For the record, I typed 99% above first, then chickened out.

Design for GUI automation

Alan’s main points for disliking GUI automation:

  • It’s (typically) fragile — tests tend to break / stop working / work unsuccessfully often
  • It rarely lasts through multiple versions of a project (another aspect of fragility)
  • It’s freakin’ hard to automate UI (and keep track of state, verify, etc.)
  • Available tools are weak to moderate (this is arguable, depending on what you want to do with the tools — I’m particularly pleased, for example, with what good testers are able to do with selenium and web driver).

I love GUI automation that can automatically explore variations of a GUI based task flow.

I like GUI automation is in stress or performance issues.

It’s (probably) a design problem

  • Record & Playback automation is a non-starter
  • Basic verification that would be hit by anyone walking through the basics of the application isn’t worth automation
  • Tests that do exactly the same thing every time are not valuable
  • Always think forward
  • Plan for failure and ensure that all test failures tell you exactly what is wrong
  • Tests should be reliable
  • There is always a better alternative to Sleep statements
  • UI is fragile, its testability should designed

In the middle

Alan’s brainstorming technique: first spend a reasonable amount of time focusing on the extremes — because often, some great ideas for “the middle” comes out of that brainstorming.

Test design for automation

The first step — and most important — is to think how you’re going to test.
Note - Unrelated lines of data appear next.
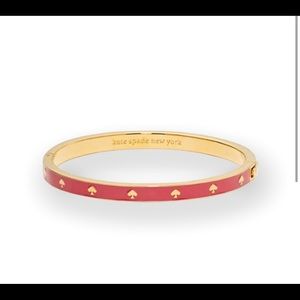NWT Kate Spade Spot the Spade Hinge Bangle
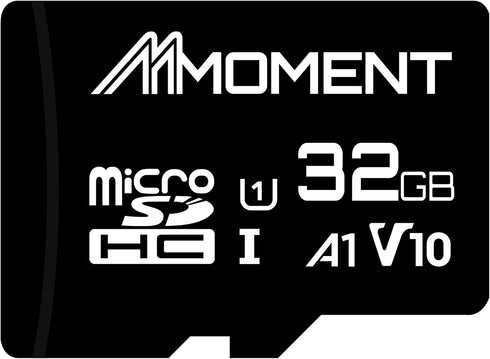 MMOMENT 32GB Micro SDHC Card, A1, UHS-I, U1, V10, Class 10 Compatible, Read Speed Up to 90 MB/s, SD Adapter Included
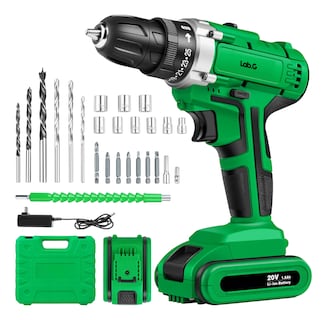 Foto 1 | Taladro Atornillador Lab.g De 20v C/ Estuche Verde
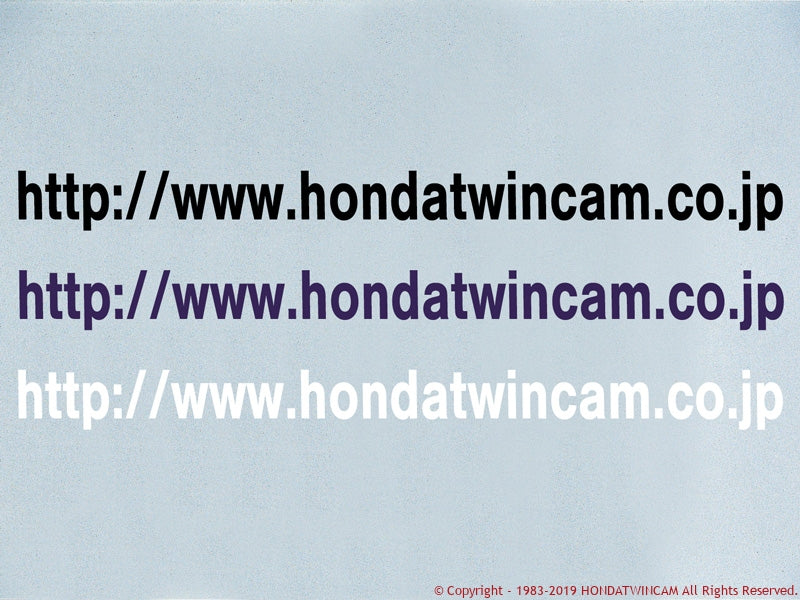FEEL'S HONDA TWINCAM HONDA TWIN CAM URL STICKER WHITE 735MMX50MM FOR  FEELS-00960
From that initial test design effort, you can deduce what aspects of testing could be accomplished more efficiently with automation (and without).
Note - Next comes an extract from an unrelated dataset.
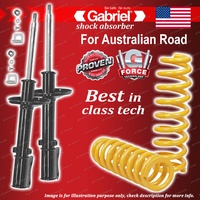 Rear Gabriel Ultra Strut Shocks STD King Coil Springs for Toyota Corolla AE80 82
Orchestrating test automation

Designing good tests is one of the hardest tasks in software development.

LOL — UR AUTOMASHUN SUCKZ!

Your tests don’t suck:

  • when you treat their code like a production code
    • core reviews
    • static analysis
    • running with the debugger to ensure they are doing what you think they are
    • trust: if a test fails, it’s a product bug, not a test bug
  • when they execute automatically
  • when failures are handled automatically
    • bugs are entered automatically — including logs, call stacks, screen shots, trace information, and other relevant info
    • when bug is fixed, it’s checked automatically
    • generation of “Test Result Report”

Musings on test design

Some tests can only be run via some sort of test automation.

Some tests can only be done via human interaction.
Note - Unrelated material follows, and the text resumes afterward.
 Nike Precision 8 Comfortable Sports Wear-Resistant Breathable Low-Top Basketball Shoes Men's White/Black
You can’t effectively think about automated testing separately from human testing.

In my world, there are no such things as automated testing, exploratory testing, manual testing, etc.

There is only testing

Beyond regression tests & testing with code

Useful tests are tests that provide new information.

An automation strategy that only performs regression testing is short-sighted and incomplete.

How to make test useful:

  • model-based testing
  • introducing some randomness
  • data driven testing
  • scaled fault injection
  • fuzzing

More on test design

Test Design ideas are endless.

To be a good test designer (and tester), you need a lot of testing ideas, and you need to know how and when to apply them.